>>
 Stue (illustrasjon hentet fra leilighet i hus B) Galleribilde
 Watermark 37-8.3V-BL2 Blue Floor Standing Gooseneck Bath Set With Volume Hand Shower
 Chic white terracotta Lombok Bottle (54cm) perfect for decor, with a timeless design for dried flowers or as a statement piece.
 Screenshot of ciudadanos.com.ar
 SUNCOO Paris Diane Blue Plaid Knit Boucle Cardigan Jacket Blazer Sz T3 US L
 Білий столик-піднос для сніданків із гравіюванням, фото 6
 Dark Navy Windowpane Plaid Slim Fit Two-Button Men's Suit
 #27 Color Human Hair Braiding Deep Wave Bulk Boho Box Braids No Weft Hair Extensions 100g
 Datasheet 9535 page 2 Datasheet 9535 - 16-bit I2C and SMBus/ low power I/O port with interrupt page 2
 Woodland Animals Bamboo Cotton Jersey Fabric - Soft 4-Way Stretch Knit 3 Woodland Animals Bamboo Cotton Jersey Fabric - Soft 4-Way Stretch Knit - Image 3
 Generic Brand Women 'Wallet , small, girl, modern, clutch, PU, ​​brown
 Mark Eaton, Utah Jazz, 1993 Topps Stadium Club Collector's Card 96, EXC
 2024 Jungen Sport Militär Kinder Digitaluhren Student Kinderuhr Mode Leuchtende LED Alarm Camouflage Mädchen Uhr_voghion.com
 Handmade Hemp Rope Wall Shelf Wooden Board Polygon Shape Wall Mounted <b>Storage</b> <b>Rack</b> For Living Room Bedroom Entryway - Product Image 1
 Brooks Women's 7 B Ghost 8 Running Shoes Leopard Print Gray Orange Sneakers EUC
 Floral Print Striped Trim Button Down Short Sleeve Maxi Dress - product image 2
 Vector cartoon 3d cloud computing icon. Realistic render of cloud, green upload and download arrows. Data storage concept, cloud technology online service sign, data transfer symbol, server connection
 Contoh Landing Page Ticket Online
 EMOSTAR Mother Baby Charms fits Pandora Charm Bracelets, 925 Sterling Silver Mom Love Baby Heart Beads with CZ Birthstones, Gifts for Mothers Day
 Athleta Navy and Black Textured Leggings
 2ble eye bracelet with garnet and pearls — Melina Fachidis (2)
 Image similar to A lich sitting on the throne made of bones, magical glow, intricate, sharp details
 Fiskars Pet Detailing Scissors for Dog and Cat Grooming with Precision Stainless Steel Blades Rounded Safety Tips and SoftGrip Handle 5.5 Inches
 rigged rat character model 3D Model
<<
__Exercise goal__:
Where a line above holds the string "Button", show that line.

__Problem solution__:
 Dark Navy Windowpane Plaid Slim Fit Two-Button Men's Suit
 Floral Print Striped Trim Button Down Short Sleeve Maxi Dress - product image 2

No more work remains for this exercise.